I was first awakened to language at the end of a game of Scrabble that I had gatecrashed. The actor, whose name now escapes me, but whose beautiful face, rests in partial lines in my memory, quoted a line from Hamlet, “and dawn her russet mantle spread”. I was 19, at drama school doing stage management and he must have been 60 and working as a director at college. What followed was a simple pressure for meaning, a few minutes of a standard exercise.

What colour is russet?

Red

What sort of red?

Dark red

What sort of dark red?

Red with some brown in it.

Where is it in the sky?

And so we continued for just a few minutes, and the pauses before the answers grew longer as that dawn spread before me. I can still see it now.

But the revelation lay not in the picture that was created, but in the process of creating it. Pressing through the surface tension on which my rational consciousness skated like a lightweight water boatman and claiming the seething depth that lies beneath. Out of which rises up all that I call myself, including the unfolding of language: words, the conduit of life.

Listening to Jackson Brown 2015

The past is alive with music and music is alive with the past. The taste of a whole way of living: the smell, the touch, the greasy feel of the seventies. Sliding through the cloying, rich smell of resin, hanging like incense in a room filled with reclining bodies and pots of tea. Speakers the size of ships, throb with the bass. The rock pulses through you like the heartbeat of a time. Giggles about nothing and the guitar screws it up. You lean over and wonder if you’ll be able to make it feeling this wrecked. The music wraps around you and stereo is the sweetest word in the universe. Soft, wet lips that taste of sugar and tobacco. Sensual hands slide inside the clothing that never quite comes off.

Hidden memories

Hidden memories push against their walls
Time imprisoned
They reach out across my life
Touch me with tentacles of forgotten sensations
Heave as swell against the sea wall
Threatening to break up and over
To swamp me in the real-time of their existence
Morning dawns and they have ebbed
Leaving an impression that once I knew more

The silence of reality

The core of me is silence.  A profound stillness that is thick and filling, which rises up to my mouth and spills out in feelings and words.  If I sink into it, I lose the edges of myself and release outwards, gently held in an infinite womb of potential.

That silence is reality, it moves me around this physical world, it knows what is beauty and rolls forth to embrace the hot redness of a flower or the grace of a spreading gum tree.  It dwarfs my thinking brain, which skitters across its surface like a windsurfer across the ocean.  When I am not connected to that silence, my thoughts think themselves so important, so real, so relevant.
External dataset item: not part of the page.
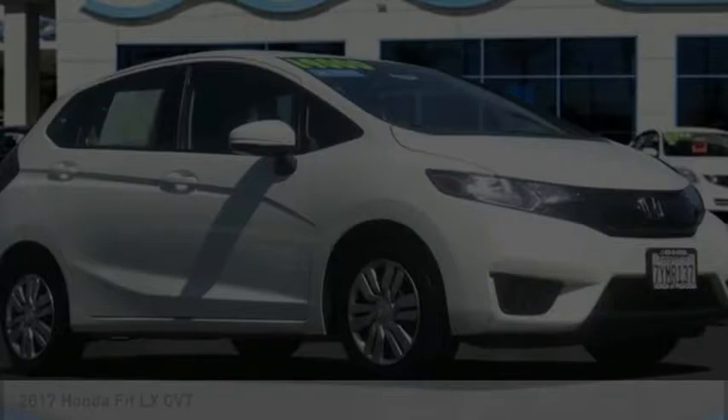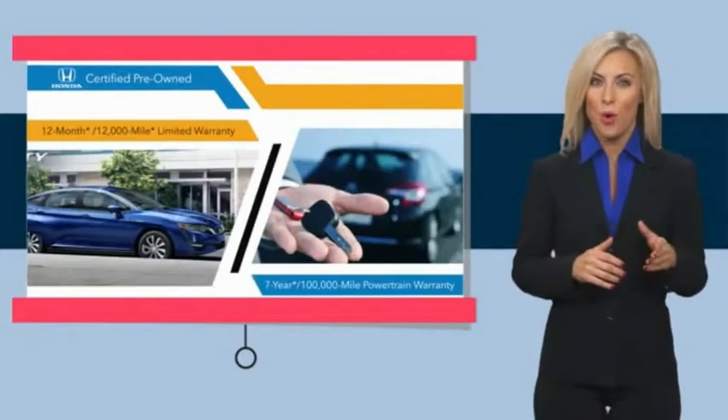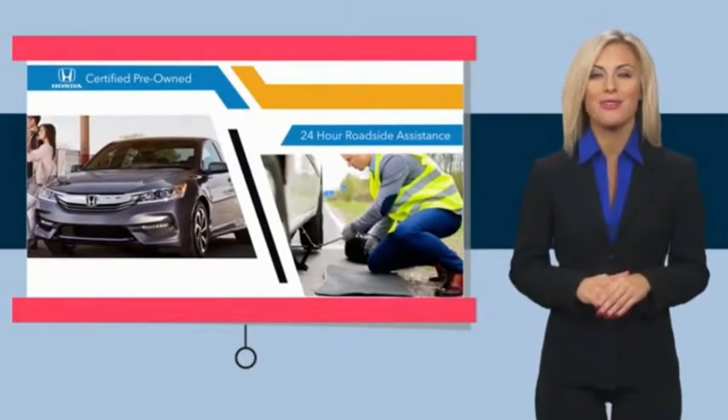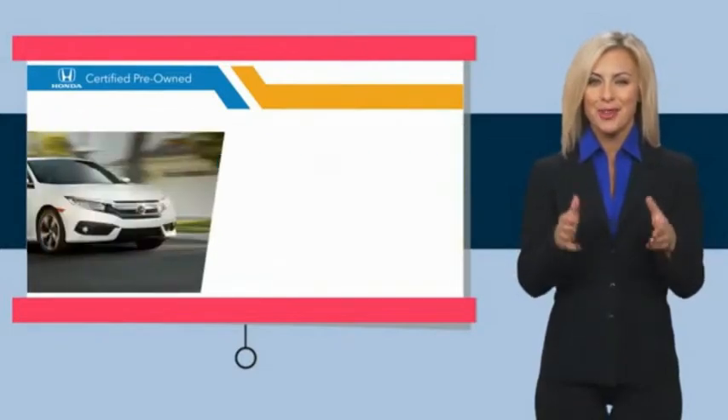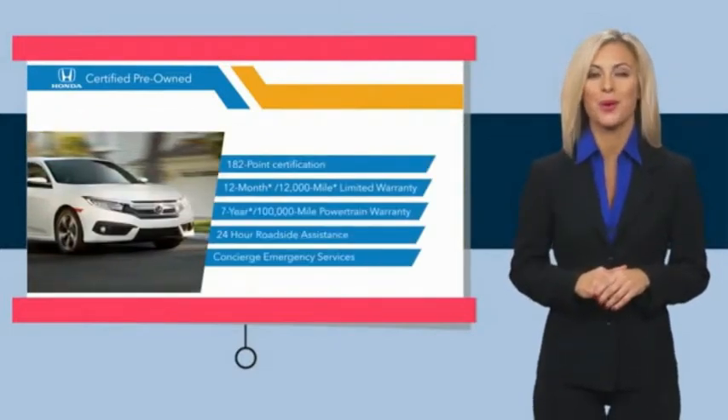With Honda certified pre-owned vehicles, you know you're going to be taken care of. Thorough inspections, both limited and powertrain warranties, all provide the comfort you're looking for in a pre-owned vehicle. Stop by your local Honda dealer today to see why the Honda certified program is worth looking into.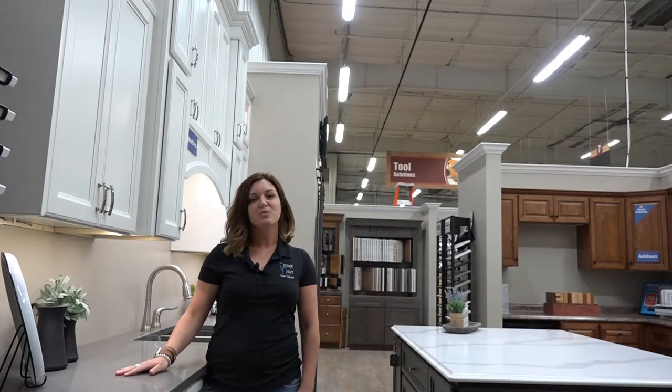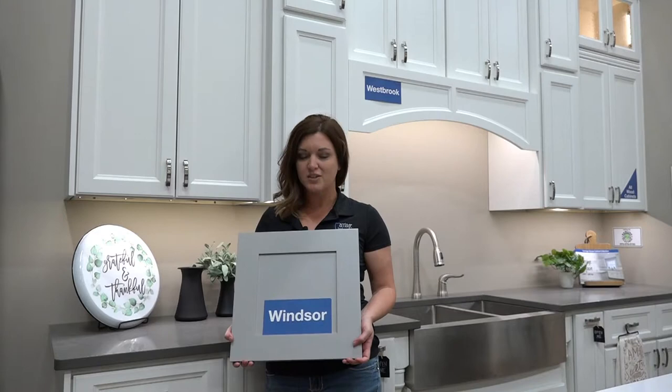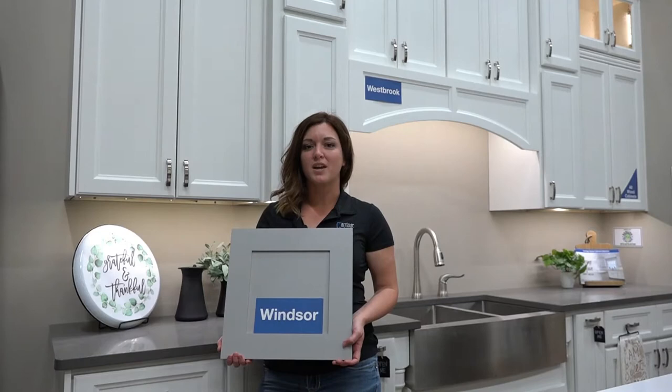I could go on and on about the positive attributes of Carriage House, but I'm super excited to show you our two new cabinet door styles that were recently released. Gray is the top of all trends right now, and this finish really hits all the right notes. This is called Windsor — it's a shaker door style with a grayish paint finish.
But from within the silence, they are the annoying buzz of the fly around your face.  Everything is held within that silence.

Where there’s muck there’s honesty

I saw the film Made in Dagenham – set in 1968 and about the dispute which led to the equal pay act in Britain.  It is not the attitudes which take me back – it is the griminess that evokes the era for me.  Brick walls, crumbling concrete and a feeling of decay – old buildings, damp spots, smears of dirt and rubbish in the streets.  The smell of it: smoky and damp, or dry dust in the summer.  Broken edges, falling walls, crusted with mortar.  Factories – the feel of making things.  The impossibility of cleanliness which the act of creation necessitates.

Now, there is cleanliness and smooth walls.  There are no gaps between buildings – no-one has missing teeth any longer.  Grime has been banished and along with it a connection to the creative process of making things from raw materials.  It is impossible to be pretentious when the raw facts of impermanence surround you.  There was no pretence in the streets in 1974.  In many ways, you were stripped bare and in contact with your environment – now you slide along the surface of it.